WHAT THIS TASK INVOLVES:
Using the data below, print exactly the line with "Dell Dell Latitude", the line with "Fractal Recursions", and every line between them, but none of the pictures.

PROVIDED RECORDS:
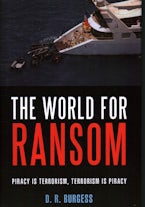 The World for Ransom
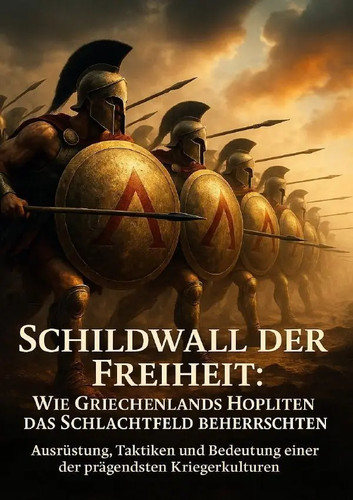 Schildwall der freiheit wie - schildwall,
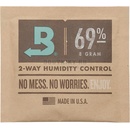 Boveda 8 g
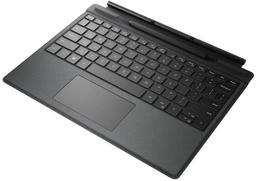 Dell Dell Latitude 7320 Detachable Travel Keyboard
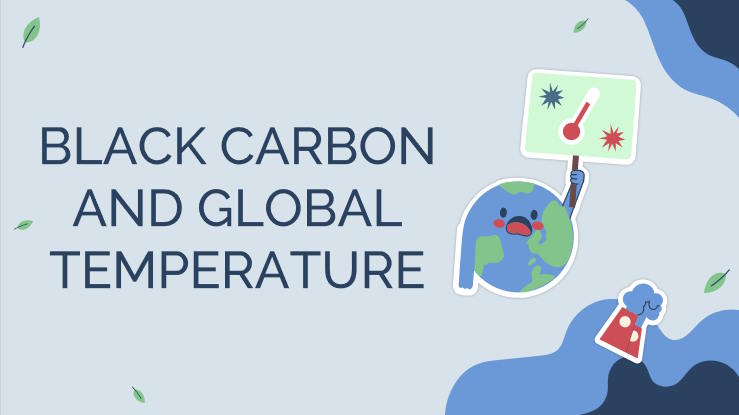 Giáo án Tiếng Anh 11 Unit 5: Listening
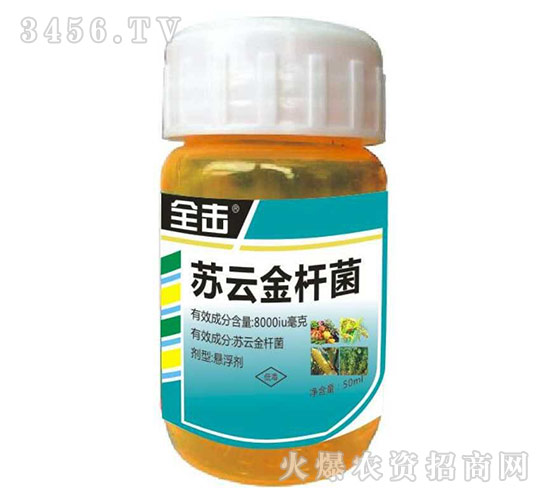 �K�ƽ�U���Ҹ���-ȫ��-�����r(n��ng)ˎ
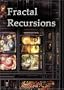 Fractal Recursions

* * *

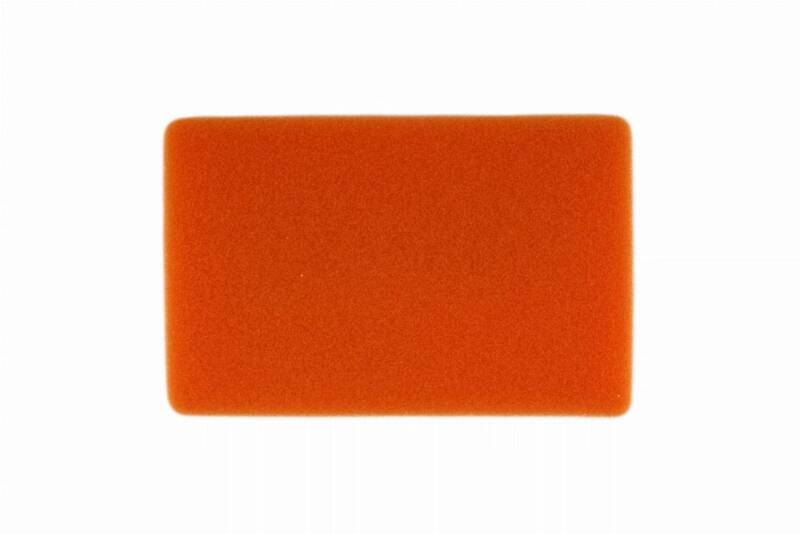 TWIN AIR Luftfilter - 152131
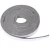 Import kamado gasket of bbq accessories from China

EXERCISE SOLUTION:
 Dell Dell Latitude 7320 Detachable Travel Keyboard
 Giáo án Tiếng Anh 11 Unit 5: Listening
 �K�ƽ�U���Ҹ���-ȫ��-�����r(n��ng)ˎ
 Fractal Recursions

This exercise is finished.